Ballinderry House, 23 Lower Ballinderry Road, Lisburn, County Antrim, BT28 2JH is a Grade B1 listed building in the Lisburn and Castlereagh local planning authority area, Northern Ireland. First listed on 10 December 1991.

Ballinderry House, 23 Lower Ballinderry Road, Lisburn, County Antrim, BT28 2JH

WRENN ID
eastward-bailey-wax
Grade
B1
Local Planning Authority
Lisburn and Castlereagh
Country
Northern Ireland
Date first listed
10 December 1991
Source
NI Environment Agency listing

Description

Ballinderry House is a detached, multi-bay, two-storey rendered house built around 1740. It stands on an elevated, mature site to the south of Lower Ballinderry Road, Lisburn, set back from the road behind an enclosed front garden and accessed by a winding gravel avenue to the west.

The house is rectangular on plan, facing north, with a front entrance porch, a single-storey accretion to the west gable, pair rear returns, and an extensive range of two-storey outbuildings forming a large enclosed yard to the rear. The pitched natural slate roof is finished with black clay ridge tiles and has four rendered chimneystacks with terracotta pots. Ogee-moulded cast-iron guttering on iron brackets and cast-iron downpipes with decorative hoppers complete the roofline.

The exterior walls are painted rendered with a render plinth course and rusticated render quoins. Square-headed window openings contain original timber sash windows with exposed sash boxes and historic glass, fitted with painted stone sills. The front elevation is six windows wide, with 6/6 timber sash windows to the ground floor and 6/3 to the first floor. The easternmost bay was built around 1930 and contains horizontally-glazed 2/2 windows. The entrance porch, also off-centre, is single-storey and gable-fronted with steel casement windows. Both ends of the front elevation are surmounted by masonry ball finials. A marble plaque attached to the front elevation commemorates: "John Wesley / Preached / From This House / 5th July 1771".

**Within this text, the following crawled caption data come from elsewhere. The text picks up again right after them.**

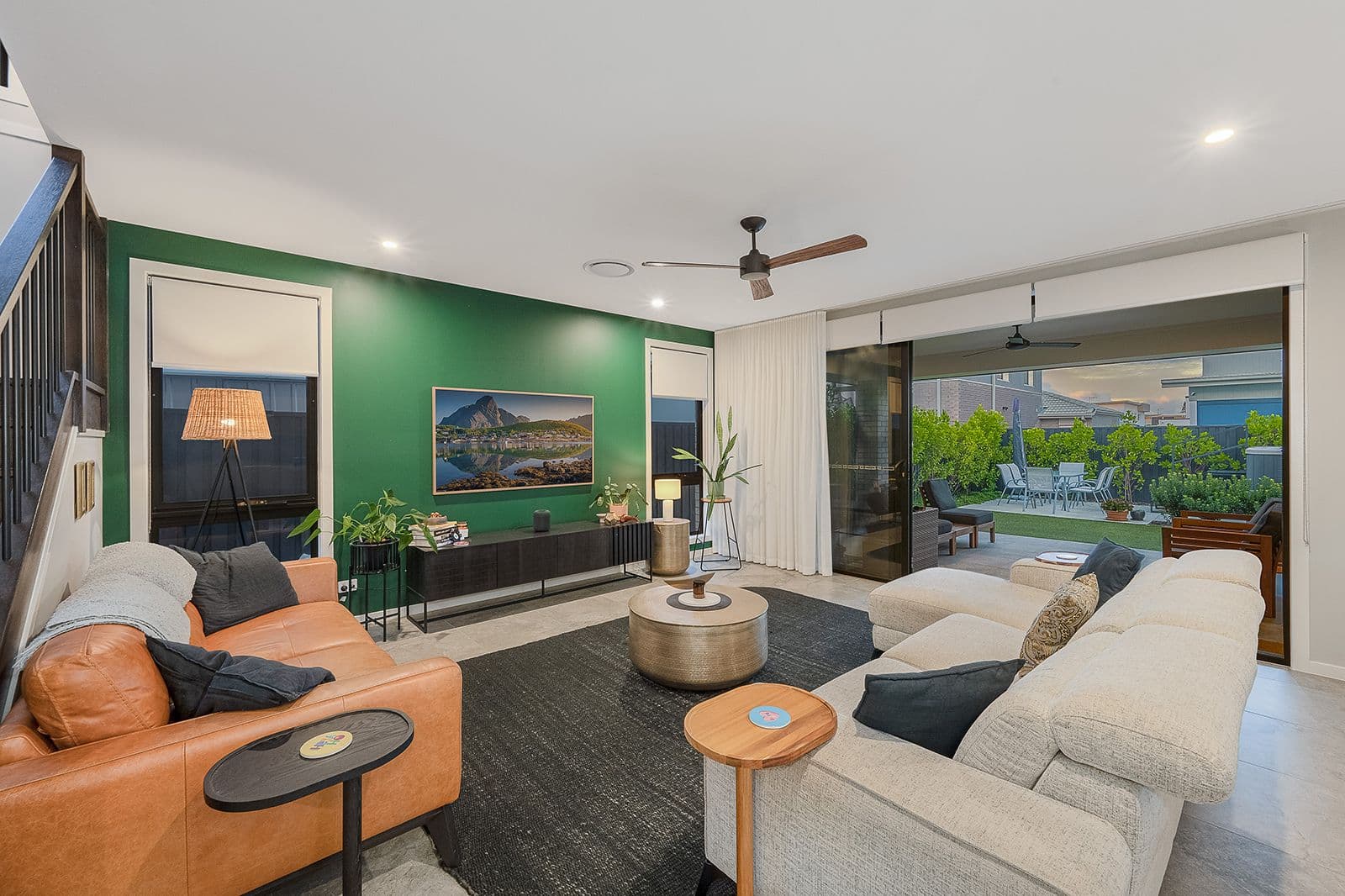 10 Cordelia Street, Newport QLD 4020, Newport - Thumbnail 7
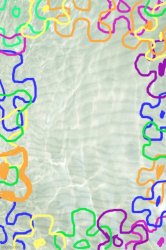 Seabed Temp Meme Template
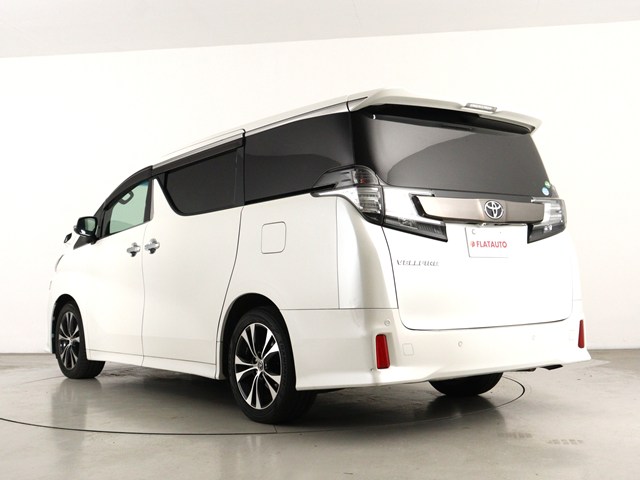 ☆ローン成功実績多数ございます☆
ローンが不安､他社でお取組みできない等　
ご相談だけでもＯＫです!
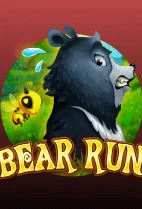 Bear Run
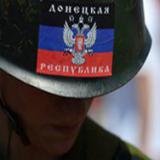 � ��� ����������������� ������ ���� ��������� ������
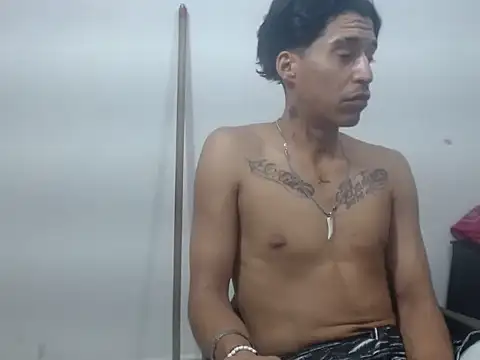 monica loveet online show from 16, 9, 2025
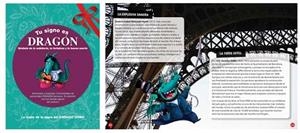 TU SIGNO ES DRAGON | 9788415003175 | AFERS DE COMUNICACIÓ VISUAL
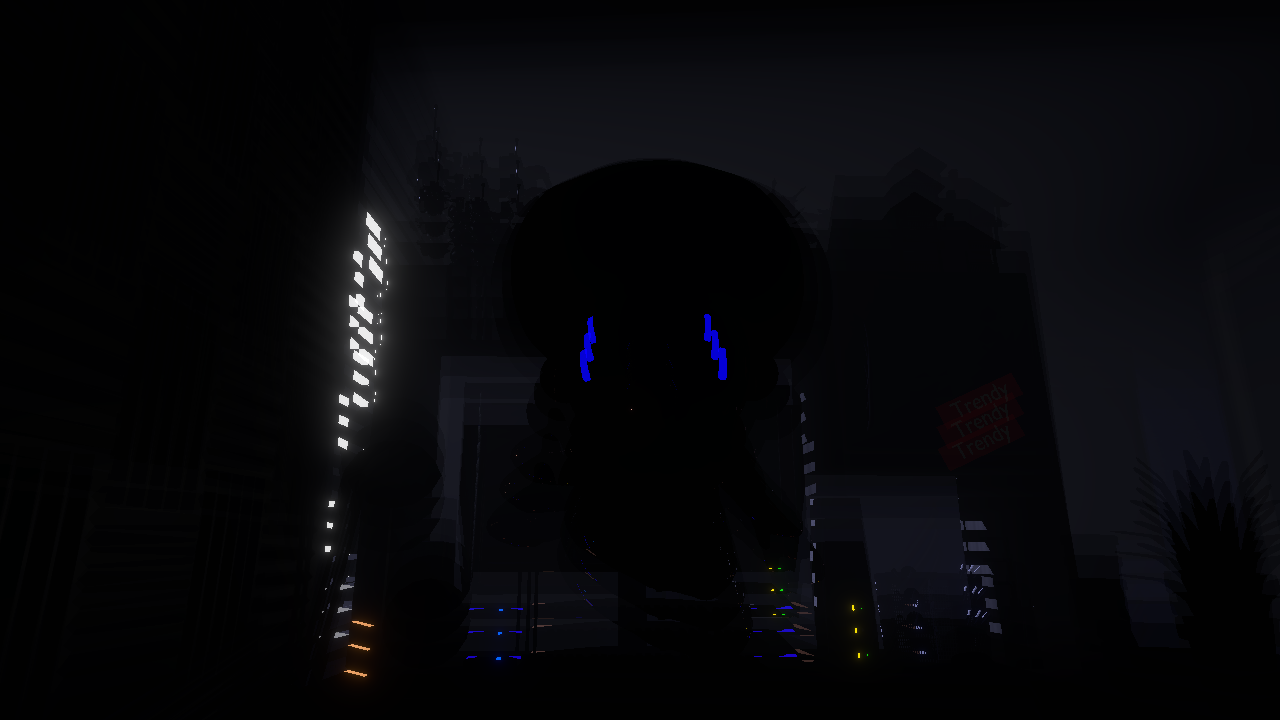 Better to Upload - Screenshot 5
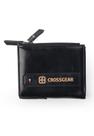 Carteira cross gear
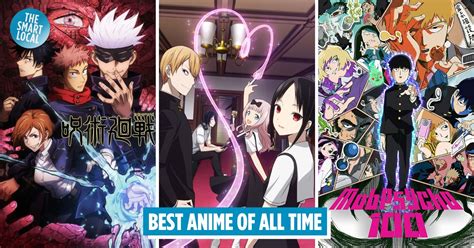 anime top 3|Japanese Animation TV Ranking, August 12.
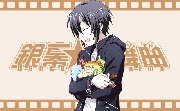 u悵A務務Ɓv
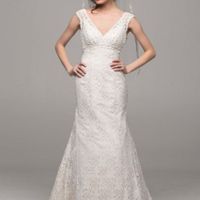 Lemme see some Dresses!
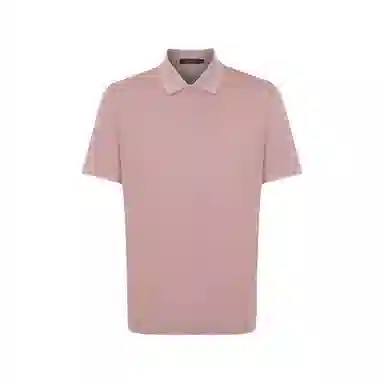 Satchi Polo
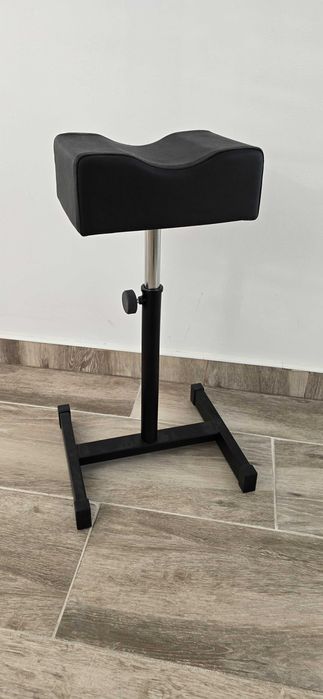 Suport pentru pedichiură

The west side of the entrance porch contains a square-headed door opening with an early twentieth-century flat-panelled timber door with decorative door furniture. The east gable, dating from around 1930, has steel casement windows to both floors and is abutted by a single-storey entrance porch with a square-headed door opening containing a flat-panelled and glazed timber door.

The rear elevation is rendered in rough-cast lime render with replacement plastic rainwater goods. It is abutted on the east by a single-storey return built around 1930, which connects to the east range of outbuildings. The west end of the rear is abutted by a two-storey redbrick return built around 1880, which has a lean-to rear entrance porch at the re-entrant angle. A tall rendered wall spans between both returns, forming a small enclosed yard with an outshot to the rear elevation covered in natural slate. The rear elevation contains timber sash windows matching the front elevation, with horizontally-glazed timber sash windows to the west return. The rear porch has a squat door opening to its east cheek, fitted with a plain timber door with brass door furniture and a metal canopy. The rear gable of the redbrick return is surmounted by a redbrick chimneystack with some rubblestone walling to the ground floor only.

The outbuildings are largely lime-washed rubblestone structures laid out on a U-plan, two-storey to the east and south, single-storey to the west. They have pitched natural slate roofs with apex vents, cast-iron rainwater goods, and original timber sheeted doors and shutters. The rear yard is concrete-paved with a central mature lime tree. The avenue opening into the rear yard is fitted with replacement salvaged cast-iron gates.

The front garden is enclosed to the road by a low rendered wall with iron railing and two sets of decorative wrought-iron gates.